On Sat, Jan 07, 2023 at 12:39:11AM +1300, Thomas Munro wrote:
> On Wed, Nov 9, 2022 at 2:04 PM Justin Pryzby <pryzby@telsasoft.com> wrote:
> > +data_sync_retry = on
>
> Sharing with the list some clues that Justin and I figured out about
> what that part is doing. Without it, you get failures like:
>
> PANIC: could not open file "pg_logical/snapshots/0-14FE6B0.snap":
> No such file or directory
>
> That's been seen before:
>
> https://www.postgresql.org/message-id/flat/17827.1549866683%40sss.pgh.pa.us
>
> That thread concluded that the operating system must have a non-atomic
> rename(), ie a kernel bug. I don't know why Cygwin would display that
> behaviour and our native Windows build not; maybe timing, or maybe our
> own open() and rename() wrappers for Windows do something important
> differently than Cygwin's open() and rename().
>
> On reflection, that seems a bit too flimsy to have in-tree without
> more investigation, which I won't have time for myself, so I'm going
> to withdraw this entry.
Not so fast :)
Here's my latest copy of the patch. Most recently, rather than setting
data_sync_retry=no, I changed to call fsync_fname_ext() rather than
fsync_fname(), which uses PANIC (except when data_sync_retry is
disabled). That seems to work, showing that the problem is limited to
SnapBuildSerialize(), and not a problem with all fsync()...

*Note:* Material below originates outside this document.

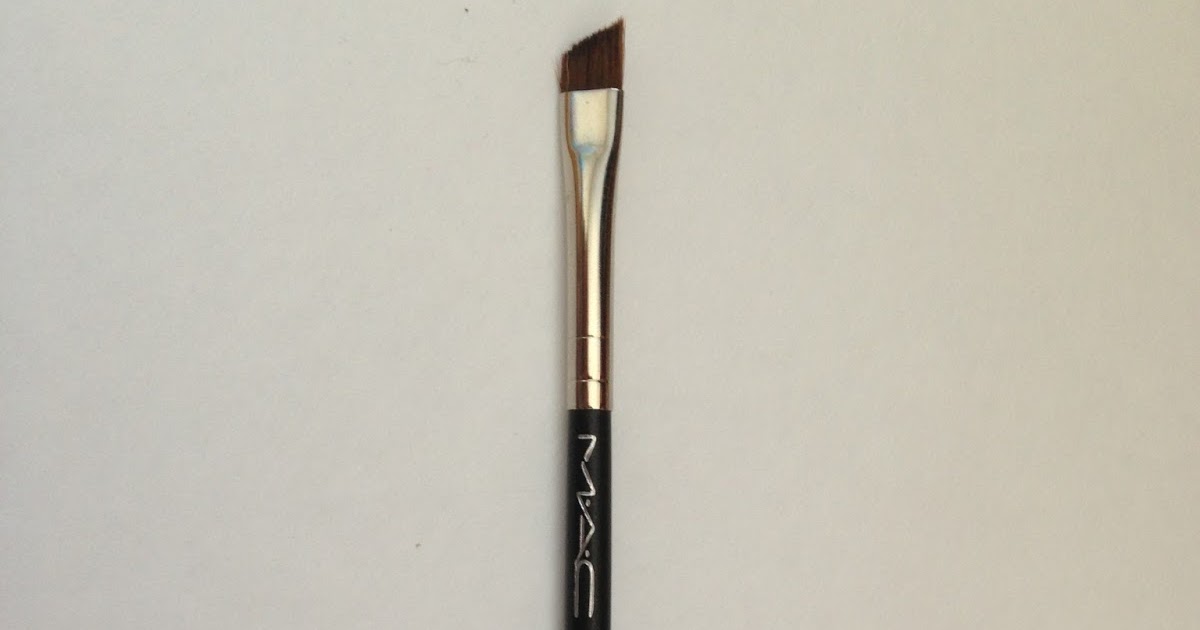 LonelyKiwee REVIEW MAC 266 ANGLED BRUSH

https://cirrus-ci.com/task/5990885733695488
Thomas raised a good question, which was how the tests were passing when
SnapBuildSerialize() was raising an error, which is what it would've
been doing when I used data_sync_retry=no.
So .. why is wal_sync_method being used to control fsync for things
other than WAL?
See 6dc7760ac (c. 2005) which added wal_fsync_writethrough, at which
point (since 9b178555f, c. 2004) wal_sync_method was already being used
for SLOG.
Now, it's also being used for logical decoding (since b89e1510 and
858ec1185, c. 2014) in rewriteheap.c/snapbuild.c. And pidfiles (since
ee0e525bf, 2010). And the control file (8b938d36f7, 2019). Note that
data_sync_retry wasn't added until 9ccdd7f66 (c. 2018)
It looks like logical decoding may be the "most wrong" place that
wal_sync_method is being used, so maybe my change is reasonable to
consider, and not just a workaround.
I'm going to re-open the CF entry to let this run for a while to see how
it works out.
--
Justin